Rather than duplicate coverage, I’ll just highlight discussions I had with my friends at Lenbrook about future reviews. I recently received the NAD T 758 AVR which I mentioned in my Dirac post yesterday. That testing will begin shortly. I’ll also be checking out the T 777 in few weeks. Both receivers feature Dolby Atmos and Dirac Live. My theater currently has a 5.1 system installed so Lenbrook sent along two height modules to be installed on top of my main tower speakers. The theme of the review will be, “how few speakers do you need to do Dolby Atmos?” The spec supports a 5.1.2 configuration at minimum so I’ll be able to talk in depth about how that sounds.
Three years ago, I reviewed the Masters Series M17 Processor and M27 Power Amplifier. The M17 is being upgraded to support Ultra HD video passthrough and Dolby Atmos by way of hardware modules.
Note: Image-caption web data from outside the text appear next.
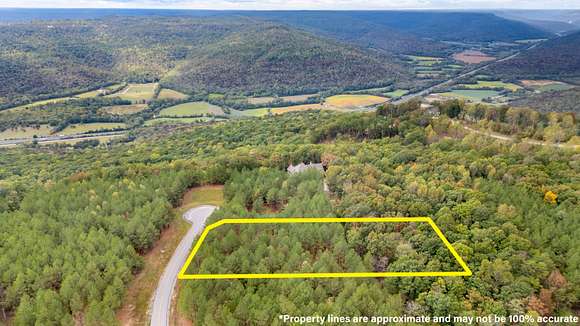 1.92 Acres of Residential Land for Sale in Jasper, Tennessee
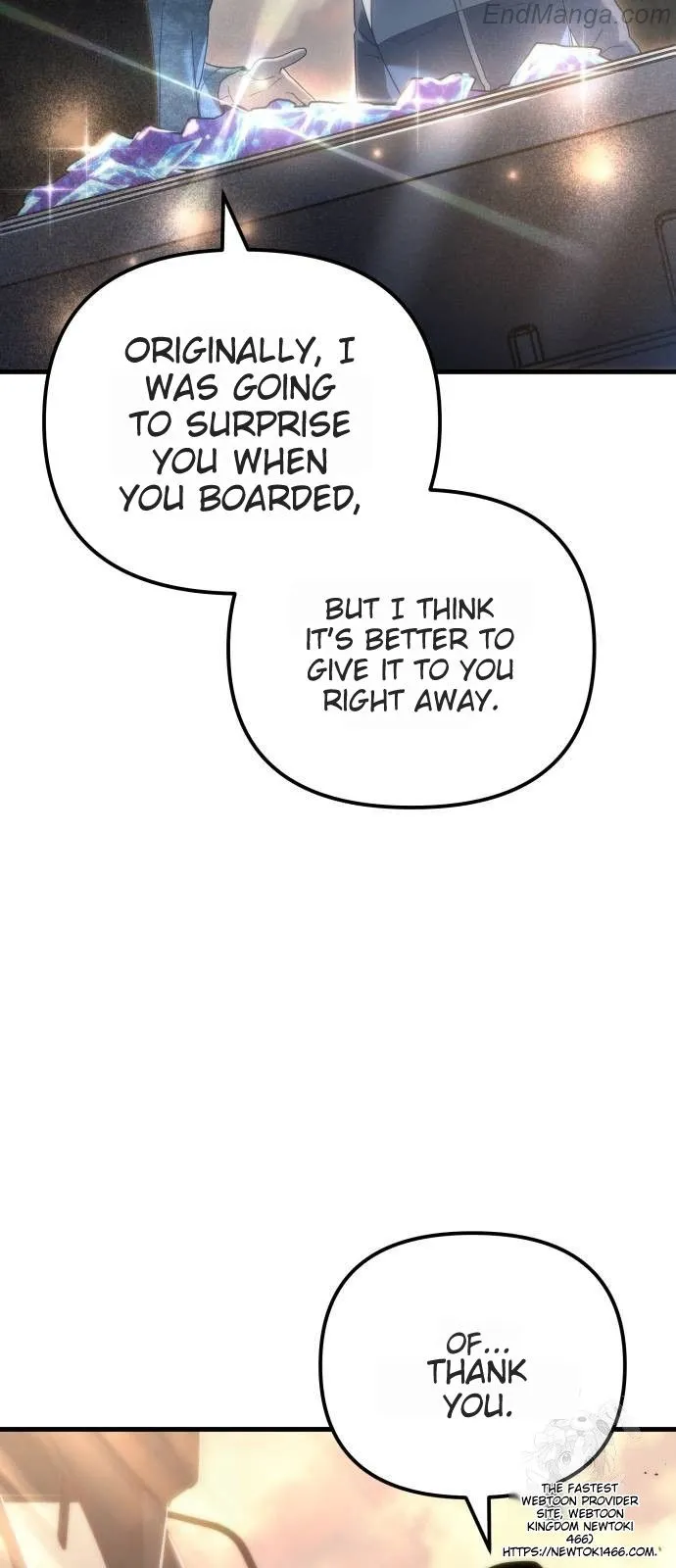 Hiding a Logistics Center in The Apocalypse chapter 18 page 14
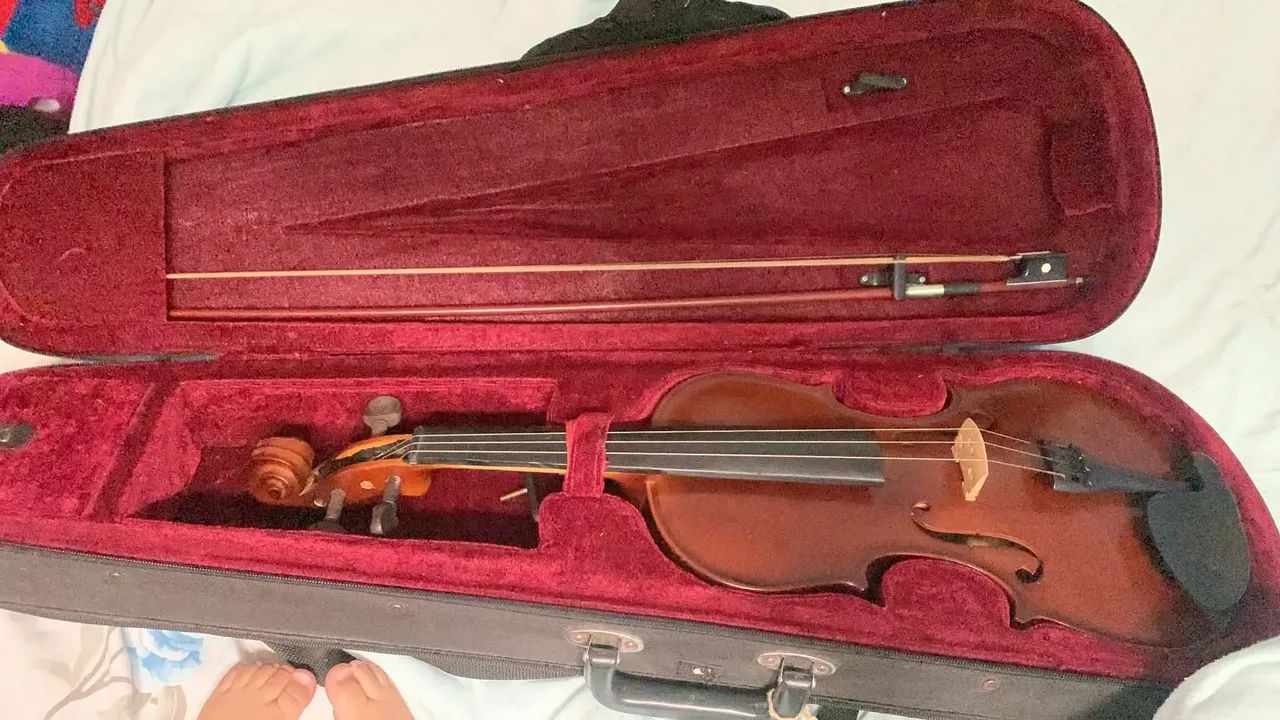 Vendo violino  - Foto 3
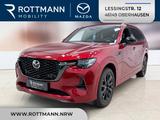 Mazda CX-80 PHEV 327ps Aut. AWD Homura COSO-P 7 sitze - rote Mazda CX-80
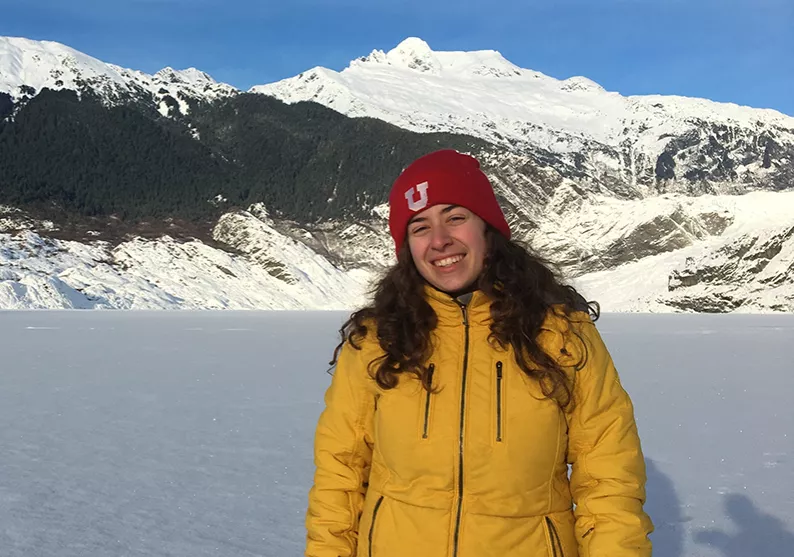 Rachel Grand in Haines Alaska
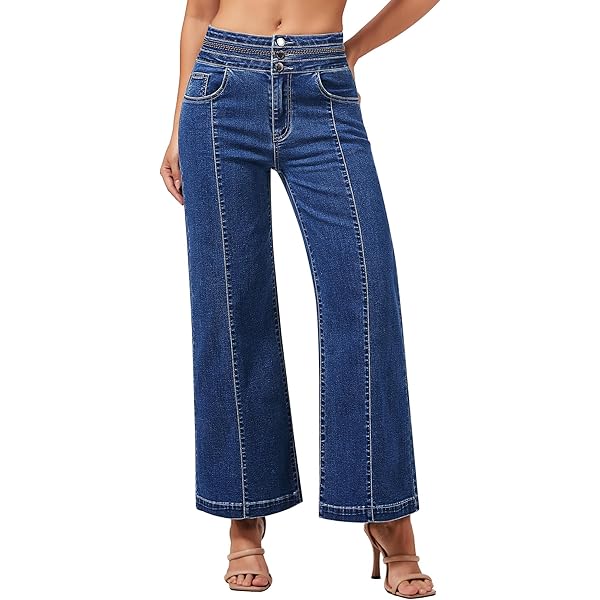 Miss Me High Rise Super Flare Medium Wash Size 31 at Amazon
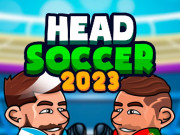 Play Head Soccer 2023 2D Game on FOG.COM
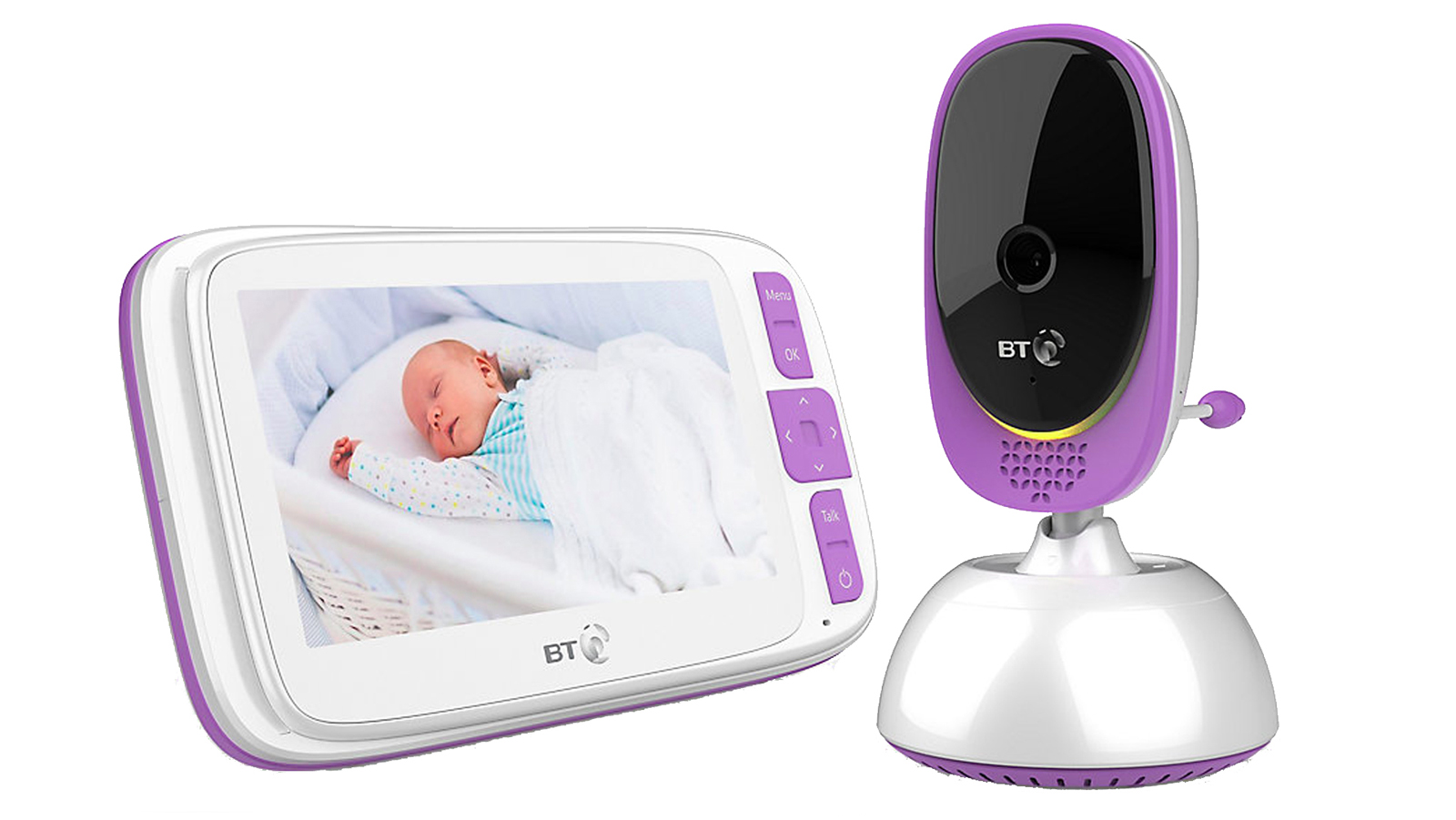 Best baby monitors and smart baby cams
They can be user-installed if one is comfortable, say, assembling their own PC, or changing their car’s oil. The Atmos module also brings Dirac Live into the mix, which I’m very excited about.
I’ll also be checking out an updated version of the D3020 desktop amplifier. It adds a phono stage to its list of inputs, though the USB port is no longer. It continues with AptX Bluetooth and the best part is it’s now $399 instead of $499. Score!
I had planned visits to both TCL and Samsung’s booths to check out their latest TVs. But at around noon, the power went out in the Central Hall where all the largest booths are located. That’s something one wouldn’t expect at the largest consumer electronics expo in the world. I waited it out for about an hour and the hall remained dark. They stopped letting people into the building and those inside trickled out as security managed to find them. All I can do at this point is head for the Venetian where I plan to meet with Lenbrook, which Todd Cooperider has covered in greater depth, and Goldenear where Sandy Gross has a cool new product to show me.